Лунева: Самый большой взлет на стихах о войне. Поэма — уже сказанное, не выход в новое. <…>
Гиленко: Стихи о войне наиболее сильные, важные. <…>
Левин: Военная тема Окуджавы — спорная.
18 августа 1959.
Американская выставка94
<При входе> Из короба вручают путеводитель. А рядом рекламу автомобильной фирмы. Путеводитель сделан на деньги одной из частных фирм, которая себя и рекламирует.
Геодезический купол — он же золотой павильон. Наука. Полиэкран. На семи экранах одновременно разные кадры. Нечто вроде фотомонтажа. Киномонтаж. Любопытно.
Род человеческий. Выставка фото. Собирали фотомастера. Во всем мире. Главная идея: все люди — братья. Жизнь человечества (всего) от рождения до смерти. Как она похожа у американца, норвежца, украинца и полинезийца. Идея хотя и абстрактно-гуманистическая, но обаятельная. Конечно, хотелось бы больше социальной остроты. Но что поделаешь? Качество фото неровное. На специальных выставках киномастерства оно выше.
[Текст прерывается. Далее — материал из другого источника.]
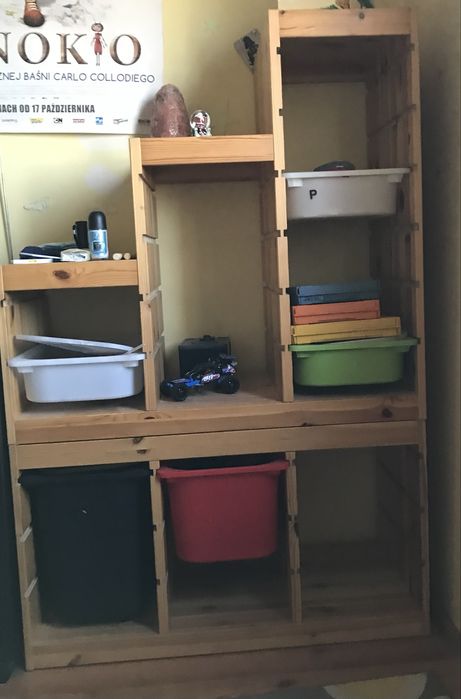 Trofast Regał z pojemnikami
Показ мод. Весело. Остроумно. Полуспектакль. В туалетах ничего выдающегося. Хороши краски. Перечисляют, откуда материалы: меха — из Советского Союза. Туалет: «Подмосковные вечера». Негры с белыми вместе. Но пары не перемешивают.
— Как и во всем мире, у нас бывают дожди. В такие дни мы одеваем яркие одежды, чтобы скрасить этот серый день. В субботу молодежь собирается вместе и… пошли танцевать.
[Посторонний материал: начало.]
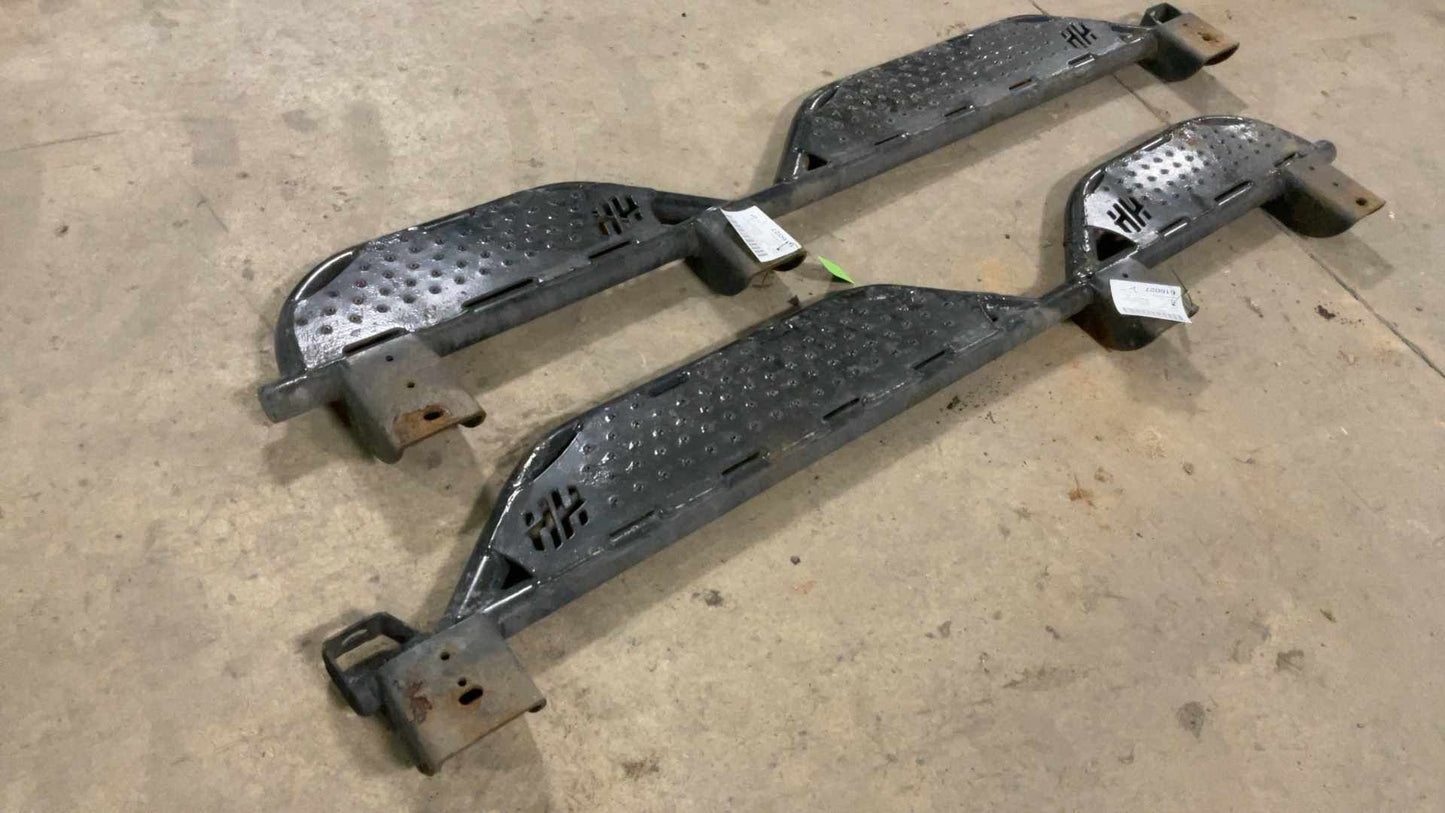 2007-2018 Jeep Wrangler JKU 4 Door Aftermarket Running Boards 160953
Танцуют рок-н-ролл. Все удивляются: вот это и есть рок-н-ролл? Что ж тут страшного?
В главном павильоне квартира инженера Брауна. Один из экспонатов, на который, по-видимому, главная ставка выставки. Просчитались. Хотели удивить бытом. А у нас быт уже мало отличается. У меня такой квартиры нет, а у моих друзей уже есть. Она не есть для меня нечто недосягаемое.
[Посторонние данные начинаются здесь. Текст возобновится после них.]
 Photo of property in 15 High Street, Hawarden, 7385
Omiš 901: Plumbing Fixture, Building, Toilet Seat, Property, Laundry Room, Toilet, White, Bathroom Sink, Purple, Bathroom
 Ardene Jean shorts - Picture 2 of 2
Кухня. Плита электрическая. С хронометром. Можно поставить на определенное время и уйти. Автоматически выключается, сохраняя температуру. Мусоропровод в раковине, дробит куски и сливает вместе с водой. Машина для мытья посуды. Моет и высушивает. В кухне гид — филолог. Говорит по-русски, как я. Совершенно без акцента. Даже обиделся, когда в разговоре об этом кто-то сказал, что маленький акцент все же есть, и привел пример. Он сказал: это не акцент, а ошибка. Мать его — русская, но она говорит с акцентом. «А я выучился, это моя специальность. Мой хлеб насущный». Конечно, мать с детства привила мне интерес к русскому языку, к России. <…>
Его сменяет девушка. Преподаватель английского и французского языка в средней школе. Нет, у нее не такая квартира. Это ведь квартира американца выше среднего уровня.
— Рабочие живут в таких квартирах?
— Нет. Это квартира выше средней. В таких живет интеллигенция. А рабочие нигде не получают столько, сколько интеллигенция.
— У нас получают.
— Как, ваши профессора, художники получают столько, сколько рабочие?.. Нет…
— Профессора, художники — нет. А вот врач, инженер…
— Что же, рабочий у вас получает столько же, сколько врач?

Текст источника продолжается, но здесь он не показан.